The exponential eigenmodes of the carbon-climate system, and their implications for ratios of responses to forcings
Several basic ratios of responses to forcings in the carbon-climate system are observed to be relatively steady. Examples include the CO
2 airborne fraction (the fraction of the total anthropogenic CO
2 emission flux that accumulates in the atmosphere) and the ratio
T/QE of warming (
T) to cumulative total CO
2 emissions (
QE). This paper explores the reason for such near-constancy in the past, and its likely limitations in future.

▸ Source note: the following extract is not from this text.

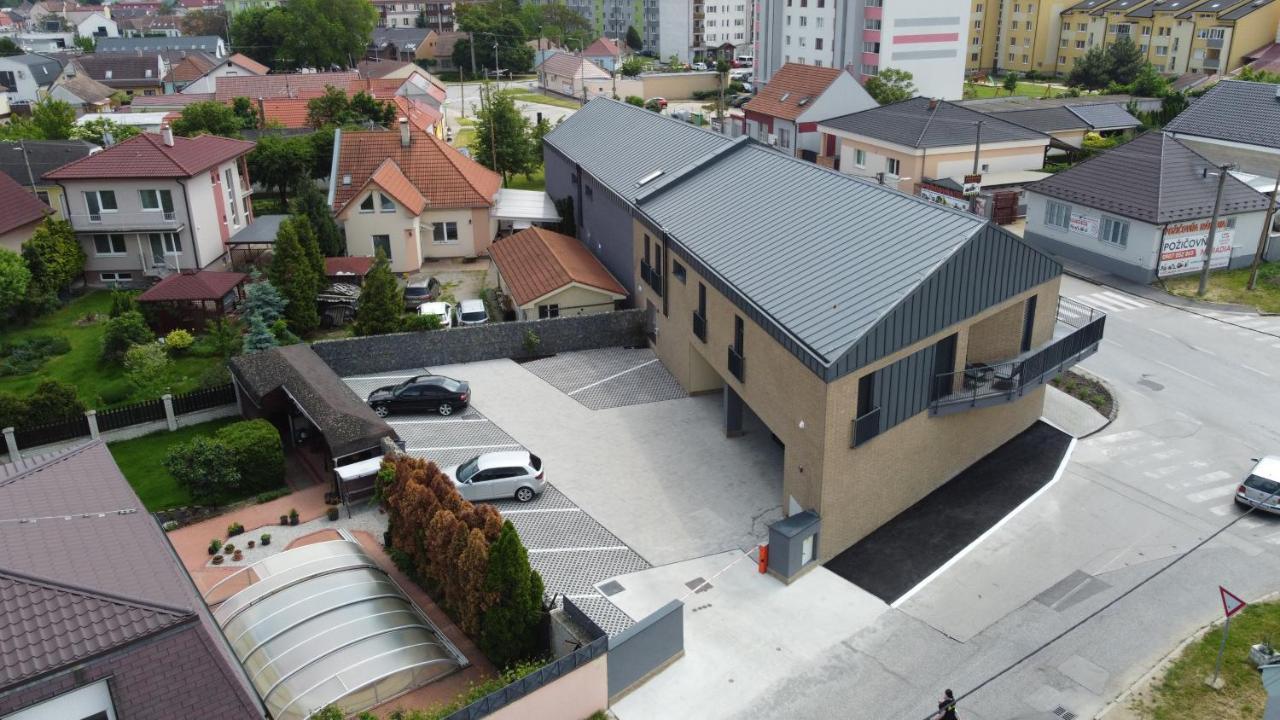 Project Ik Luxury Apartments Sered' Luaran gambar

The contemporary carbon-climate system is often approximated as a set of first-order linear systems, for example in response-function descriptions. All such linear systems have exponential eigenfunctions in time (an eigenfunction being one that, if applied to the system as a forcing, produces a response of the same shape). This implies that, if the carbon-climate system is idealised as a linear system (Lin) forced by exponentially growing CO 2 emissions (Exp), then all ratios of responses to forcings are constant. Important cases are the CO 2 airborne fraction (AF), the cumulative airborne fraction (CAF), other CO 2 partition fractions and cumulative partition fractions into land and ocean stores, the CO 2 sink uptake rate ( kS, the combined land and ocean CO 2 sink flux per unit excess atmospheric CO 2), and the ratio T/QE. Further, the AF and the CAF are equal. Since the Lin and Exp idealisations apply approximately to the carbon-climate system over the past two centuries, the theory explains the observed near-constancy of the AF, CAF and T/QE in this period.
A nonlinear carbon-climate model is used to explore how future breakdown of both the Lin and Exp idealisations will cause the AF, CAF and kS to depart significantly from constancy, in ways that depend on CO 2 emissions scenarios. However, T/QE remains approximately constant in typical scenarios, because of compensating interactions between CO 2 emissions trajectories, carbon-climate nonlinearities (in land–air and ocean–air carbon exchanges and CO 2 radiative forcing), and emissions trajectories for non-CO 2 gases. This theory establishes a basis for the widely assumed proportionality between T and QE, and identifies the limits of this relationship.